» **Exercise**
Please give back, word for word, only the lines starting at the one containing "Double Bowl Pet Water Feeder Dishes" and ending at the one containing "Pantalones Cortos Vintage" within the material below.

» **Material to process**
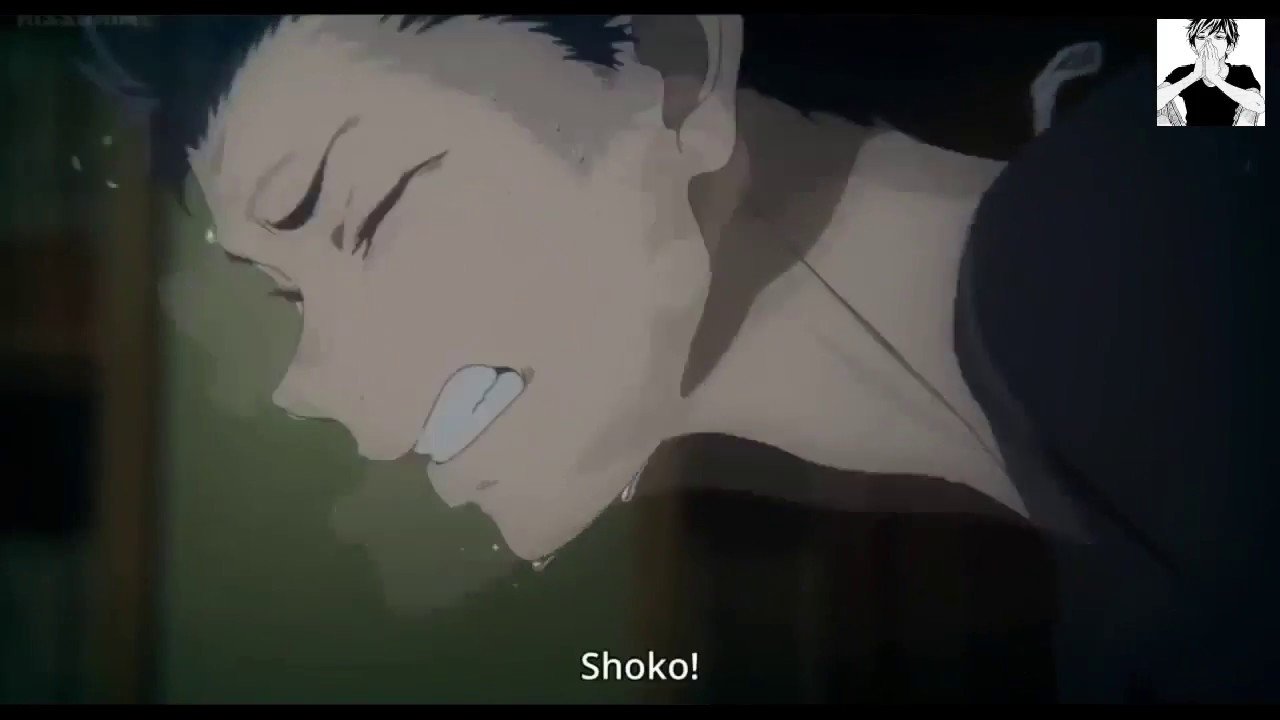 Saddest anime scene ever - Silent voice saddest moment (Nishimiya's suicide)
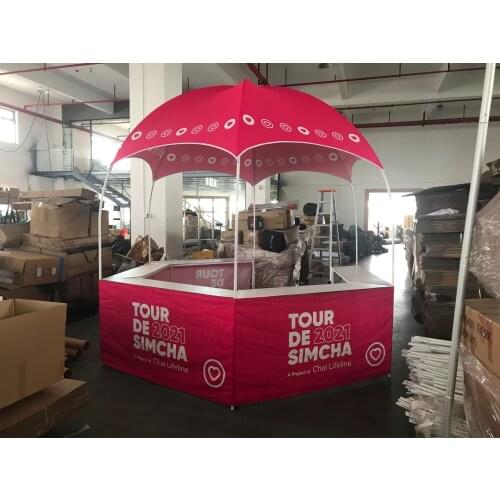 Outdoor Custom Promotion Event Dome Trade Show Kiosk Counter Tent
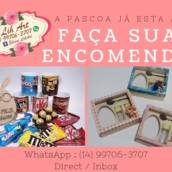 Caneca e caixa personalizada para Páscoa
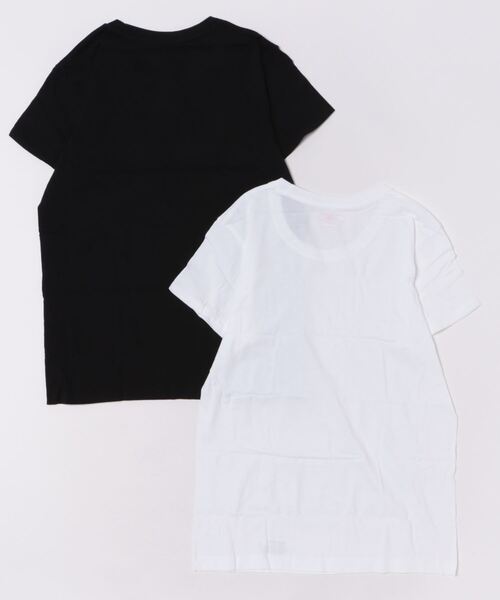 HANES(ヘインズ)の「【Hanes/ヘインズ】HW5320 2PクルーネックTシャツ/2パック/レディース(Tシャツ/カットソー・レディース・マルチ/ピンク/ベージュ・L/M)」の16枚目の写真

...

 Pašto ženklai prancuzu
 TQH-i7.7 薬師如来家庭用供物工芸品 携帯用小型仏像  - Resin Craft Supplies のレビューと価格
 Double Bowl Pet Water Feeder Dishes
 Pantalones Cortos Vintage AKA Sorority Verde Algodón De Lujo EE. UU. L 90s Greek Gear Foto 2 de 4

» **Result**
 Double Bowl Pet Water Feeder Dishes
 Pantalones Cortos Vintage AKA Sorority Verde Algodón De Lujo EE. UU. L 90s Greek Gear Foto 2 de 4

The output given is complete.